Assim a gente vai vivenciando o luto, passamos da fase da negação para a fase da raiva, da frustração, da decepção. É quando, de alguma forma, desejamos mudar a fantasia vivida na infância e na adolescência, passando por vários estágios de luto até chegarmos no estágio da depressão. Na depressão encaramos a realidade: a impossibilidade de ressuscitar o defunto (risos). O vínculo morreu, foi esmigalhado. Não há como colar os pedacinhos estraçalhados. Por hora, às vezes para a vida toda, não há reconciliação. É hora de chorar, de sentir a perda até conseguir ultrapassar essa fase e chegar na fase da ACEITAÇÃO.
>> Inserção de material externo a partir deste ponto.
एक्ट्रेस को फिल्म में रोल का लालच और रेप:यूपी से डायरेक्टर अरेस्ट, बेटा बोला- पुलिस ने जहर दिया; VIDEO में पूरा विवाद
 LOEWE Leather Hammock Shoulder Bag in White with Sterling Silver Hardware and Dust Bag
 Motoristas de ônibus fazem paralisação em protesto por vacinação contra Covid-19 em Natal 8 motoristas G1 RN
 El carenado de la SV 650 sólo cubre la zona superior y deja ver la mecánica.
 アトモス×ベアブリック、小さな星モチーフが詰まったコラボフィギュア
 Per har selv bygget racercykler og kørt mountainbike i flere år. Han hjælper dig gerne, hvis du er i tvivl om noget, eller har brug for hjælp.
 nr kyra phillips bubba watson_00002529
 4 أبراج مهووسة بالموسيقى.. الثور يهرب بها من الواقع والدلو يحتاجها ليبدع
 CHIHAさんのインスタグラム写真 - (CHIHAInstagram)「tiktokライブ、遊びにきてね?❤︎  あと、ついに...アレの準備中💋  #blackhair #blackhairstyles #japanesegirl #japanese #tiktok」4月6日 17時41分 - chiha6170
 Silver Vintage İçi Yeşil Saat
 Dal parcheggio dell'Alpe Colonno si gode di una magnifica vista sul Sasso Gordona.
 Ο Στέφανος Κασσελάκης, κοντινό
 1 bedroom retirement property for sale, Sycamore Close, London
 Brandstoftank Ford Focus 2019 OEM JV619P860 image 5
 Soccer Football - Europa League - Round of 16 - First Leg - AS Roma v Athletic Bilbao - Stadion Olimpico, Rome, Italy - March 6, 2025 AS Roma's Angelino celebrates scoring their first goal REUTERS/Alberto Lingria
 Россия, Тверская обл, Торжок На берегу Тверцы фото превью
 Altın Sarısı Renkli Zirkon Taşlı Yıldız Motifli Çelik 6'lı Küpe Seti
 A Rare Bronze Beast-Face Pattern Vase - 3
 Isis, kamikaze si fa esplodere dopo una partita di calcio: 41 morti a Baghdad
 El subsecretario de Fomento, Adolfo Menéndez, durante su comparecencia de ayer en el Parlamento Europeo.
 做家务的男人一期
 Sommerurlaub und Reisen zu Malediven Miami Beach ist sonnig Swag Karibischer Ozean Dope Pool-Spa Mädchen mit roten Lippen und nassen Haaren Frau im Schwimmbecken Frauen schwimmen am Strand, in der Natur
A aceitação é a fase final da elaboração do luto. É quando não sentimos mais raiva, nem tristeza. É quando aceitamos a impossibilidade de contato ou convivência com o vínculo interrompido. E isto nos traz paz e sossego. Este é o destino!

Lembram do convite que eu fiz para um voo com turbulências? Pois bem! Aterrissamos em terra firme e salvos! Chegamos ao nosso destino: à elaboração final do luto do vínculo que um dia imaginamos ser confiável e seguro. Estamos agora, a salvos, na nossa companhia e na companhia de quem escolhemos conscientemente para fazer parte da nossa vida.

Palmas para essa linda aterrissagem!